Alors que la crise du logement s’enlise et que les acteurs du secteur tirent la sonnette d’alarme, la patronne de Nexity, Véronique Bédague, monte au créneau. Si elle salue certaines avancées du budget 2026, notamment la création d’un statut du bailleur privé, elle juge incompréhensible la volonté du gouvernement d’imposer un “prélèvement complémentaire” sur les organismes de logement social. Une mesure jugée “lunaire” par la dirigeante, alors que le marché est déjà exsangue, entre effondrement des ventes et chute dramatique de la production de logements neufs.
💸 Un budget à double tranchant
Dans un contexte où plus de deux millions de Français attendent un logement social, le projet de budget présenté par Sébastien Lecornu soulève l’inquiétude des promoteurs. Véronique Bédague n’a pas mâché ses mots sur Franceinfo, dénonçant “une mesure totalement déconnectée de la réalité économique”.
On ne peut pas prélever davantage un secteur déjà à genoux
a-t-elle fustigé, rappelant que les organismes HLM sont aujourd’hui en grande difficulté financière.
Cette disposition fiscale, qui vise à renforcer les recettes de l’État, risque selon elle de ralentir encore les programmes de construction sociale, déjà fortement fragilisés par la hausse des taux d’intérêt et le coût des matériaux.
À l’inverse, la PDG de Nexity se montre favorable à la création d’un statut du bailleur privé, défendu par Vincent Jeanbrun, ministre du Logement. Ce dispositif offrirait aux propriétaires une défiscalisation partielle de leurs revenus locatifs, inspirée des mécanismes déjà existants pour les investissements locatifs.
Cela rendrait l’investissement immobilier comparable à une obligation d’État en termes de rendement
souligne Véronique Bédague. Un signal positif selon les acteurs du marché, alors que la rentabilité locative moyenne a chuté sous la barre des 3 % nets dans plusieurs grandes villes françaises, rendant le placement immobilier de moins en moins attractif.
📉 Un secteur au bord de la paralysie
Le constat est sans appel : depuis 2019, les ventes de logements neufs ont été divisées par deux, plombées par la remontée des taux et la frilosité des ménages. Nexity, comme ses concurrents, observe une chute vertigineuse de la demande :
Nous vendons aujourd’hui deux fois moins de logements qu’avant la crise
déplore la dirigeante. Les conséquences sont lourdes : la production de logements neufs devrait suivre la même trajectoire dans les trois prochaines années, avec un volume de livraisons divisé par deux d’ici 2028. En parallèle, le parc locatif privé se contracte, aggravant les tensions sur les loyers et l’accès au logement.

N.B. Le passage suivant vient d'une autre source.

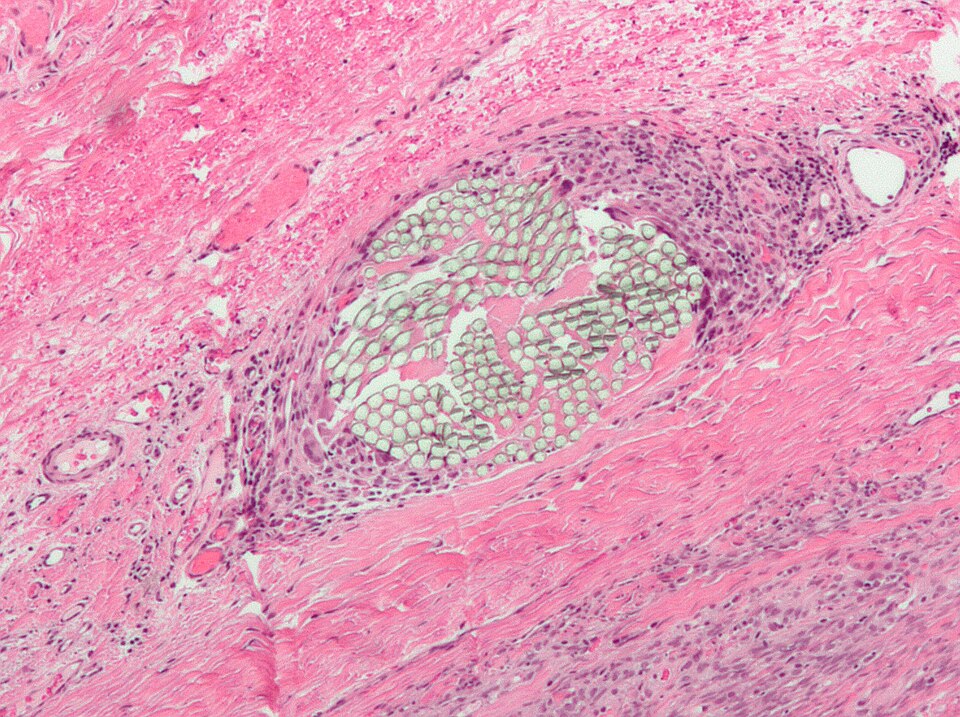 File:Suture micrograph.jpg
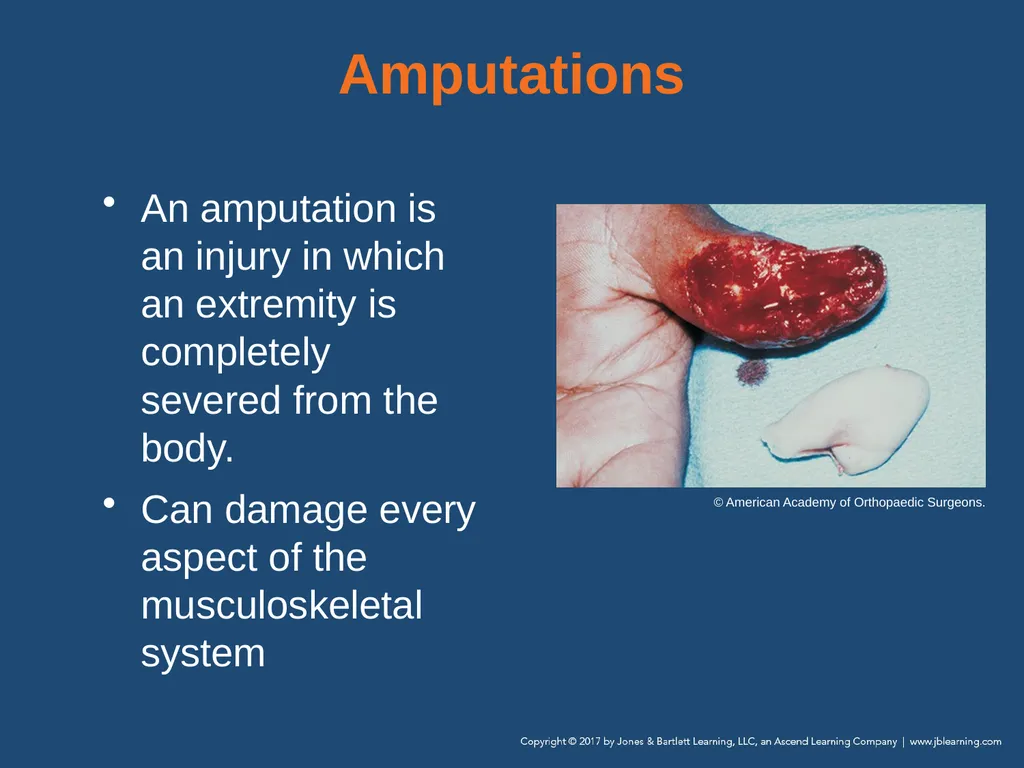 Chapter 31 Orthopaedic Injuries National EMS - slide 38 of 152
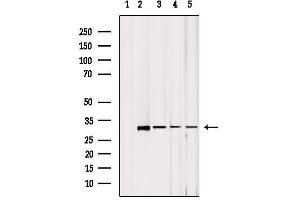 Western blot analysis of extracts from various samples, using MRPL2 Antibody. (MRPL2 Antikörper  (C-Term))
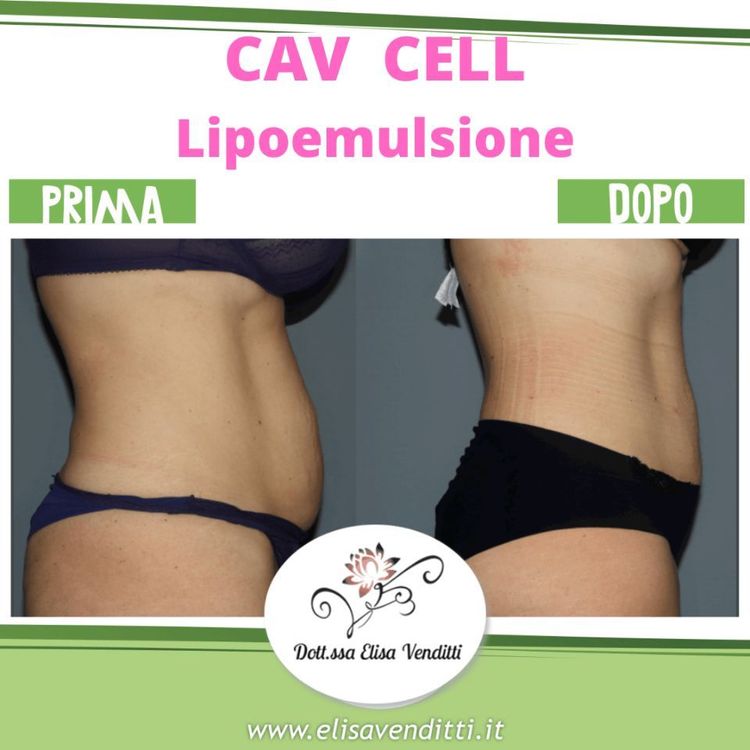Lipoemulsione corpo donna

Pour les promoteurs, l’équation est simple : sans incitation fiscale forte, ni soutien aux bailleurs sociaux, le marché risque de s’enfoncer durablement dans une spirale déflationniste. La crise actuelle ne se limite plus à un ralentissement conjoncturel, mais s’apparente à une recomposition structurelle du secteur immobilier français.
👁️ L’œil de l’expert
Le coup de gueule de Véronique Bédague illustre un malaise profond : celui d’un secteur pris en étau entre inflation, taux élevés et désengagement public. Le budget 2026, loin d’apporter une réponse globale, juxtapose des mesures aux effets contradictoires.
L’introduction d’un statut du bailleur privé pourrait effectivement réinjecter de la liquidité dans l’investissement locatif, mais le prélèvement sur les HLM vient neutraliser cet élan en affaiblissant la chaîne du logement social.
En 2026, le marché immobilier français évoluera sans doute dans une zone de forte turbulence : crédit restreint, marges sous pression, et des promoteurs contraints d’adapter leurs modèles face à un environnement économique durablement dégradé.
En clair, le logement reste le grand oublié de la relance : un pilier social et économique qu’aucun budget, pour l’instant, ne semble prêt à reconstruire solidement.